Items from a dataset
=====

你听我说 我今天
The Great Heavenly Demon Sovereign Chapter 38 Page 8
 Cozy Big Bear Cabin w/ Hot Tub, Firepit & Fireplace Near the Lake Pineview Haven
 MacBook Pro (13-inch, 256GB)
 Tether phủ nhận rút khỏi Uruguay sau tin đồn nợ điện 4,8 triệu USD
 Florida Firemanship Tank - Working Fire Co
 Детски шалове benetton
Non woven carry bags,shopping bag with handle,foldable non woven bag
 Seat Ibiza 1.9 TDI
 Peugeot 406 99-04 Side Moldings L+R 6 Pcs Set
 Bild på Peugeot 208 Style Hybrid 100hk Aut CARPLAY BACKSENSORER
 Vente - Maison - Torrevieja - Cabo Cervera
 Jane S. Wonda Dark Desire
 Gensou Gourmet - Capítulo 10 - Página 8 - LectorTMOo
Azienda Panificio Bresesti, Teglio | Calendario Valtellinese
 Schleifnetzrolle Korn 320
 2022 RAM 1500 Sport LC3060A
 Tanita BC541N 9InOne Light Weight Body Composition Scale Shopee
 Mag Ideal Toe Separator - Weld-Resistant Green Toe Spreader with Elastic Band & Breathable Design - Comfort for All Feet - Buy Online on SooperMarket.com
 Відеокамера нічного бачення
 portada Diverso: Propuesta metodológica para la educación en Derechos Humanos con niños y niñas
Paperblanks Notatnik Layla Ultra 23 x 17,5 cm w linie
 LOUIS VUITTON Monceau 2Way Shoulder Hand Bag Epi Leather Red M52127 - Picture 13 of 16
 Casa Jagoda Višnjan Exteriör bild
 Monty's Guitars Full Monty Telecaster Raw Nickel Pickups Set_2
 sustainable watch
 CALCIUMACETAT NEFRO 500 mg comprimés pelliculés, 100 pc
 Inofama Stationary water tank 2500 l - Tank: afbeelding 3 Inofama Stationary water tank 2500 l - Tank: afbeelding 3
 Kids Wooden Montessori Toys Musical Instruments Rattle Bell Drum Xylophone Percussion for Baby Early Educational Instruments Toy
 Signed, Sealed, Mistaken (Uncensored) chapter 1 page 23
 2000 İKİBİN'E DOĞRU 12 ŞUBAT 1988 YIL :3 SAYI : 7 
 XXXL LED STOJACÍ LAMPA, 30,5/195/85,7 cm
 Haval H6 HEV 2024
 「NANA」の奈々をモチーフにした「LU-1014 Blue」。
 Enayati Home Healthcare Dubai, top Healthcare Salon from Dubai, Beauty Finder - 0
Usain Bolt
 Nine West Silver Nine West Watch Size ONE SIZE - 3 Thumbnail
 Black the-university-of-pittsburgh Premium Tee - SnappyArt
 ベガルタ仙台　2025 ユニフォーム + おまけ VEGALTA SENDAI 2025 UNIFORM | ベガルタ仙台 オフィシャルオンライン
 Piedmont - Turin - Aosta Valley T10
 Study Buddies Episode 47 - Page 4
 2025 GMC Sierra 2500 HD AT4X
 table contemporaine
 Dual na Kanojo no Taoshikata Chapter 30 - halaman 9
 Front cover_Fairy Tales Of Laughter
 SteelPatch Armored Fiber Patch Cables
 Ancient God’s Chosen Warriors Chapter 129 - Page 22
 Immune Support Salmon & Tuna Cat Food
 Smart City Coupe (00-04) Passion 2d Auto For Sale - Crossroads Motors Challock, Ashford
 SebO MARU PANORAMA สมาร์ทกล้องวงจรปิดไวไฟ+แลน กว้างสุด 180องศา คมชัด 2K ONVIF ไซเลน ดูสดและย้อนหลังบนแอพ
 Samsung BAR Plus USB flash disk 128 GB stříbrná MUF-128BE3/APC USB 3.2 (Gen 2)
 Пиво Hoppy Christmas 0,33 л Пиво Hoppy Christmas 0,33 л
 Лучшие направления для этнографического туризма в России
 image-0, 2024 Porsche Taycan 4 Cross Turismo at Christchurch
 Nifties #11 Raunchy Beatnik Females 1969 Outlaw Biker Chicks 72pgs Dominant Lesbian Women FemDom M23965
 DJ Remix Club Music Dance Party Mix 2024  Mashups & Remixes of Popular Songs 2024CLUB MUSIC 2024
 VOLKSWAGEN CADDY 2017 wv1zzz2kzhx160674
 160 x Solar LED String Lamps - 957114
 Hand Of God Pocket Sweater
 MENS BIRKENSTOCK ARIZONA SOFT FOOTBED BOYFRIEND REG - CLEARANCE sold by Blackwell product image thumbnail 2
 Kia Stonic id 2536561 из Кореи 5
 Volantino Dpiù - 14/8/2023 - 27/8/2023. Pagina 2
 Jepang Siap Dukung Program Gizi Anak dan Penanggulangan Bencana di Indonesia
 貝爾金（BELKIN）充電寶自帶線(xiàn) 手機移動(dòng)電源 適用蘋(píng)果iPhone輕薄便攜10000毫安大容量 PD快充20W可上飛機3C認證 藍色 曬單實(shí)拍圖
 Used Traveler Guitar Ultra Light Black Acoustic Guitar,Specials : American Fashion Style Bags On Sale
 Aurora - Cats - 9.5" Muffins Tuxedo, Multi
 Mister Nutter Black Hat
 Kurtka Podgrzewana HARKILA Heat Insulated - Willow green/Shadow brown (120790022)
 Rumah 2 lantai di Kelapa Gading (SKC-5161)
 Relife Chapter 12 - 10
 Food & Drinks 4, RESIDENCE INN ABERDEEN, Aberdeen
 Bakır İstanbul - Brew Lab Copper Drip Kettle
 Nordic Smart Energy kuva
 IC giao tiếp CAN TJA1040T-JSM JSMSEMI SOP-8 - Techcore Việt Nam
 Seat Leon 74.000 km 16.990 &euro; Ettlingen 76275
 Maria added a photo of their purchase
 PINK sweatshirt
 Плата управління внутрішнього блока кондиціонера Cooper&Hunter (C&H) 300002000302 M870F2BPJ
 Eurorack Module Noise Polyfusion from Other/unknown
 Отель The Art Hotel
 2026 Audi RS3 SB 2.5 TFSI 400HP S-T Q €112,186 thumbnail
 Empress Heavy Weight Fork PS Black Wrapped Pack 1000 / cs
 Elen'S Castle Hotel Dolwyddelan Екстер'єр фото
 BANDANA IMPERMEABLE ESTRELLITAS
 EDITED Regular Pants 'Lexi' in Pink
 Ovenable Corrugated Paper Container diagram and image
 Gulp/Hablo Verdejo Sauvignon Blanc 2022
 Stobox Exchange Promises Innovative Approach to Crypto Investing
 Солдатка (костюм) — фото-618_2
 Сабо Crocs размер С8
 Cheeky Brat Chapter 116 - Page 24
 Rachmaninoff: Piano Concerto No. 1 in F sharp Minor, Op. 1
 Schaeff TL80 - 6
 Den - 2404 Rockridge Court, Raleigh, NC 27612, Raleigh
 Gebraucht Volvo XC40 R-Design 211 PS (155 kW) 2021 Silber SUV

=====

**Task item:** For the word "Style", say how many lines of the records above contain it. Reply with the number alone.

**Result:** 2